Go to the lee websight and purchase their new cast press. It is very stout and a great value at $55-60.00, next, e-bay for dies at about $10.00 for each carterage you will be loading for. Again I would go with lee due to the fact that they have a shellholder. Again e-bay for a used rcbs scale possibly a modle 505 $20.00 or at times less. Next is the powder measure. There are many out there that are great, but you would be best served by one that will have the range to load both rifle and pistol powder charge weights. For this, I would look for the hornady lock and load powder measure and stand. Last one I purchased on e-bay was $22.50. The weight checks you can purchase at a sporting goods store and I have not priced them is quite some time, but go with new for this. You still don't know if this is something that you want to do for shure yet, so why spend big bucks for a one brand kit that is their cheapest unit and in some cases not all components are need for the new to reloading people. On my reloading bench now, you will see Dillon presses lee presses, hornady, rcbs. Powder measures are dillon, hornady, lee, lyman, rcbs. Try all brands, don't get hooked into thinking that if it is one brand and not another it is not good. A great example is progressive presses. There are parts of the reloading process on all of the progressive presses that are better or easyer to do on each type of press, but I don't think one is an all out better in all aspects than the others. Look at them all, ask questions, and use what makes the most sence to you. If you understand it, there is less chance of a mistake being made. Have fun, and just a note, the 45LC can be a great low power plinker, and also a great large game hunting round. Reloading will let you run through the power levels.


----------



## sdeprie (May 1, 2004)

I always have been and always will be a supporter of Lee Precision loading equipement. Some of it can be pretty basic stuff. The safety scale is small and limited in how much it will weigh, only about 110gr. But for the price it is accurate and dependable. I just bought a set of dies (not the most premium, but good dies) for 25-06 and spent about $19. They came with 3 dies, decapper/sizer, bullet seater, factory crimp. It also comes with a powder scoop, a shell holder and a pamphlet which includes a selection of loads appropriate for the caliber.
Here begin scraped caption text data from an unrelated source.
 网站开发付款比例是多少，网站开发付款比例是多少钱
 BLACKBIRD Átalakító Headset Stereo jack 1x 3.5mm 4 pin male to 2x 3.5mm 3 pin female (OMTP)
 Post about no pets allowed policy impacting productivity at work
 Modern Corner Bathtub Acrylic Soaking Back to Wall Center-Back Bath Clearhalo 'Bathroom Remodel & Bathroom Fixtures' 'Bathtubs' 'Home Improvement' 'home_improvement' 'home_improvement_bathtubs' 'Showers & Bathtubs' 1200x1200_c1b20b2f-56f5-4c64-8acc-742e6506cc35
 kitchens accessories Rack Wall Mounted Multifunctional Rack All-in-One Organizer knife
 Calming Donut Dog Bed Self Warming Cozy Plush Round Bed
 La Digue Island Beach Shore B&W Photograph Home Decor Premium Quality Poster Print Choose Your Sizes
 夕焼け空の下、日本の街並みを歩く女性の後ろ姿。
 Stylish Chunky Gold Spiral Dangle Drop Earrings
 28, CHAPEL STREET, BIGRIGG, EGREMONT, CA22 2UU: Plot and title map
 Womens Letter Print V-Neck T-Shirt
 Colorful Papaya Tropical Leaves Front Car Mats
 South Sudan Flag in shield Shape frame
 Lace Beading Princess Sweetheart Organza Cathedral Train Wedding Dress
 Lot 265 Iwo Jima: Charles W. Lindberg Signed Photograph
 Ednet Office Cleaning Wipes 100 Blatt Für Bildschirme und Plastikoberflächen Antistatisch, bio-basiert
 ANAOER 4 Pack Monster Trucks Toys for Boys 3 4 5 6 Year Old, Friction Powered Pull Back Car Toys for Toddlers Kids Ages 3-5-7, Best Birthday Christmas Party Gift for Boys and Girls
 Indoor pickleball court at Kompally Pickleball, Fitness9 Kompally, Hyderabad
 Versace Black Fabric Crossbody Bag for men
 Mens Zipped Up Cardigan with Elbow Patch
I also bought the Lee 4 hole turret press with auto index for about $55. My suggestion is to check out Lee Precision before buying anything else. If they don't have what you need, then look around. The auto index turret press allows me to completely load a cartridge with 4 pulls on the lever without ever taking the case off the press. You can add such things as an automatic bullet feed, automatic primer feed, etc. The 4th hole is dedicated to an automatic powder dispenser (also available from Lee). I can't see how you could go wrong. There are some people who don't like Lee Precision. At one time, the record holder for one of the long distance accuracy shooters was noted to load exclusively with Lee. It works. I think the best prices on Lee precision is at MidwayUSA. I went back to 35whelens note and notices some prices there. Check out midway. I think you'll find them cheaper than that and the service has always been great. IMO


----------



## OneShotOneKill (Feb 13, 2004)

RCBS


----------



## sdeprie (May 1, 2004)

OSOK, we already know how you feel about this. Using colored bold oversized font is just being rude........again.


----------



## Whelen35 (Mar 9, 2004)

We all know RCBS is green, Lee is red!! All the various reloaders have their merrits, so look, touch, and decide what would fit your needs and fit into the space you have. Good luck, and have fun.


----------